** DATA EXTRACTS follows **
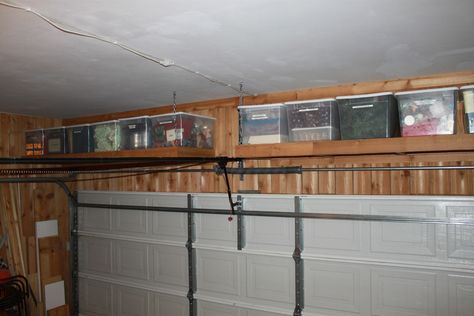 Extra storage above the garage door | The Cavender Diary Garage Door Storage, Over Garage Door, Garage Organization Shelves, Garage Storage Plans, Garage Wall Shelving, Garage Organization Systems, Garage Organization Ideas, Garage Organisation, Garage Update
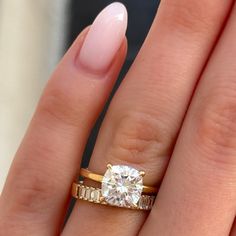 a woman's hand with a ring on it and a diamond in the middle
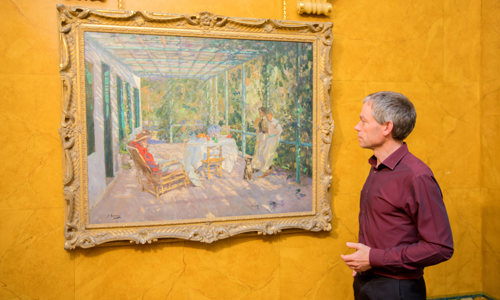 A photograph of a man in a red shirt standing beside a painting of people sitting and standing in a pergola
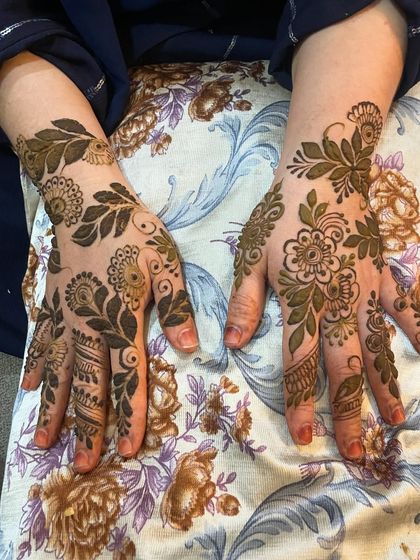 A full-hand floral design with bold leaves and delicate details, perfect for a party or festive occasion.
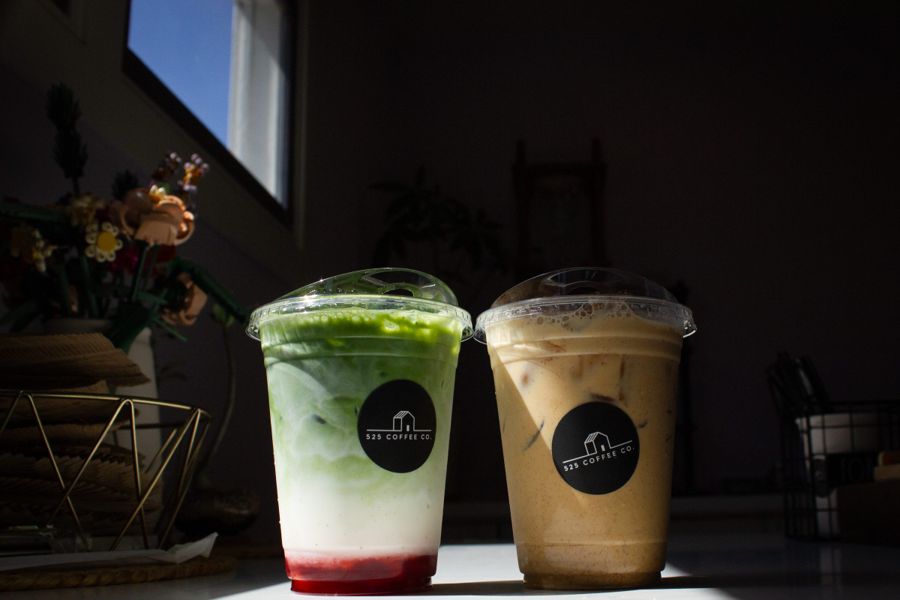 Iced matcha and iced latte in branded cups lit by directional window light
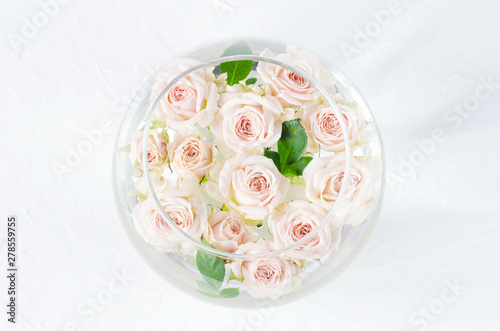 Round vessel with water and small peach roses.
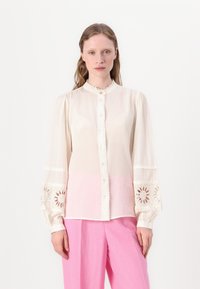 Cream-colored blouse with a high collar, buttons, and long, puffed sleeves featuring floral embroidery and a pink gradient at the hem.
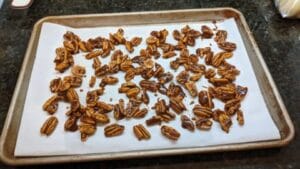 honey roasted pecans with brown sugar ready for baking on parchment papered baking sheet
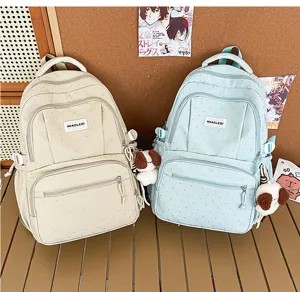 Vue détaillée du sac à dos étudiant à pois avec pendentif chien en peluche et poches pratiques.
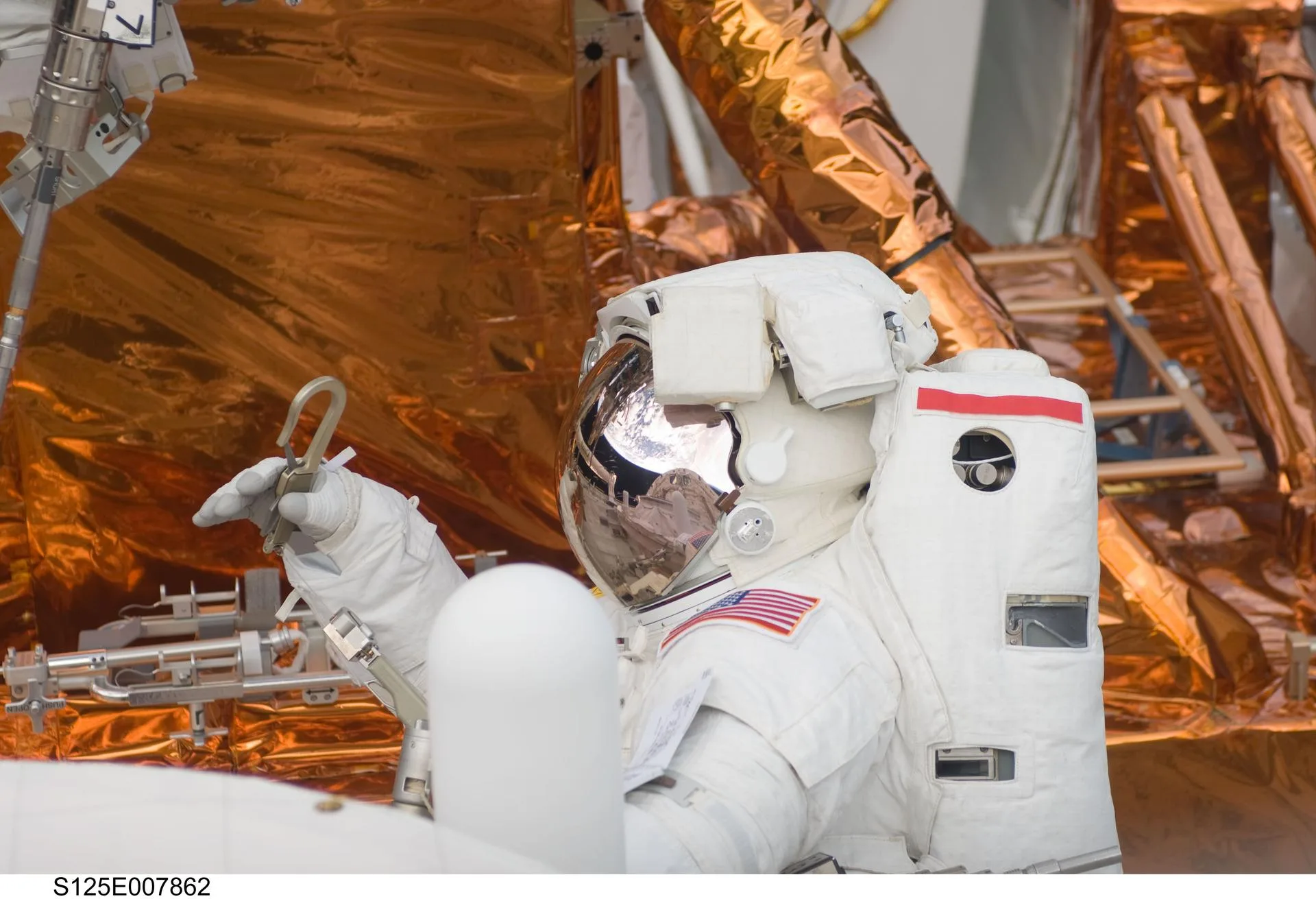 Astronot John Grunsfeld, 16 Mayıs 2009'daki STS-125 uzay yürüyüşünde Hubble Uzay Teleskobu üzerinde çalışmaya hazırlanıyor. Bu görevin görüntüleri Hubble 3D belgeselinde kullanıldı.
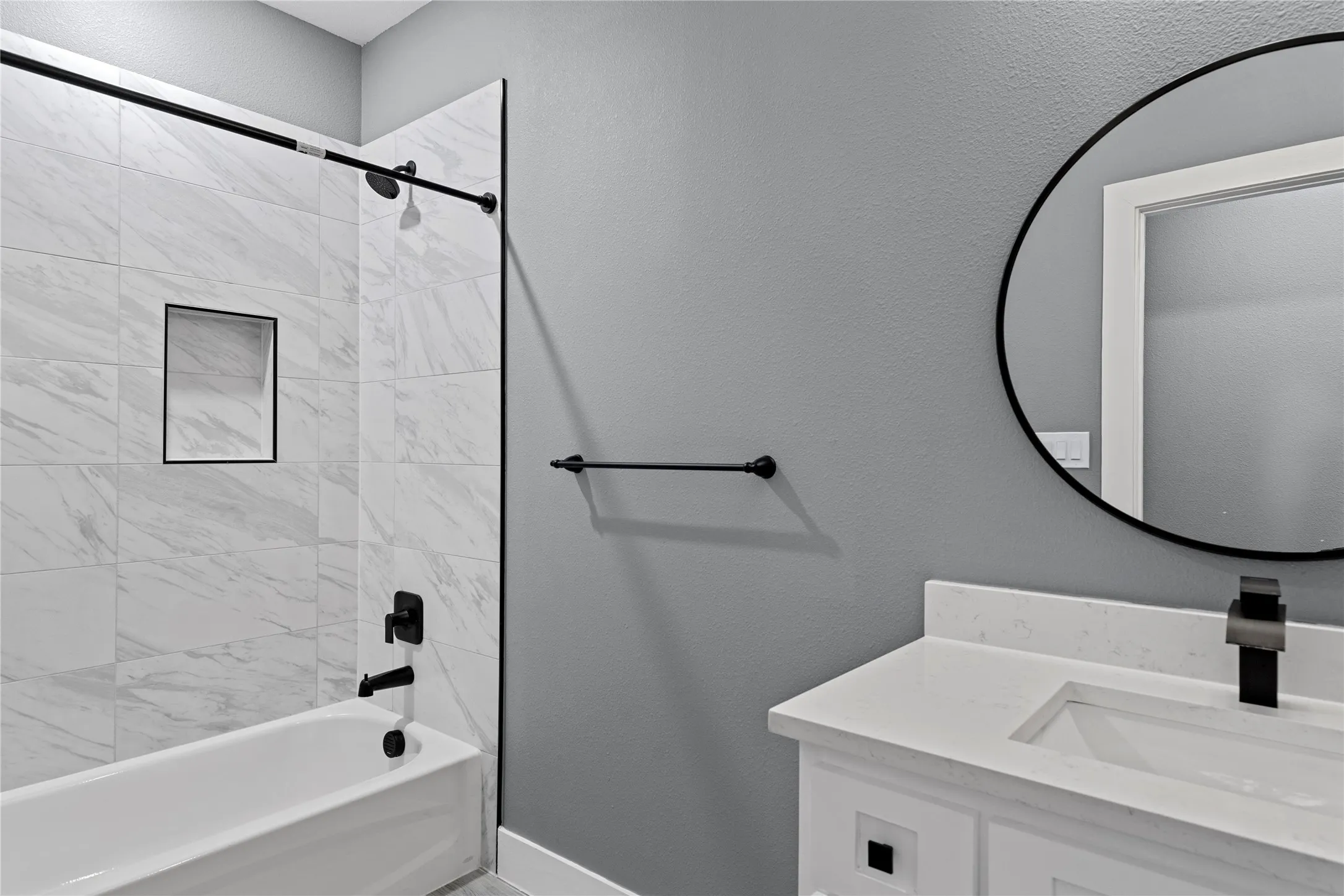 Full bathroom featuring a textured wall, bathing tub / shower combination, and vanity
** End of DATA EXTRACTS **
All that the answer may contain is the exact text of the lines from the one with "honey roasted pecans" through the last line of the material, pictures excluded.

 honey roasted pecans with brown sugar ready for baking on parchment papered baking sheet
 Vue détaillée du sac à dos étudiant à pois avec pendentif chien en peluche et poches pratiques.
 Astronot John Grunsfeld, 16 Mayıs 2009'daki STS-125 uzay yürüyüşünde Hubble Uzay Teleskobu üzerinde çalışmaya hazırlanıyor. Bu görevin görüntüleri Hubble 3D belgeselinde kullanıldı.
 Full bathroom featuring a textured wall, bathing tub / shower combination, and vanity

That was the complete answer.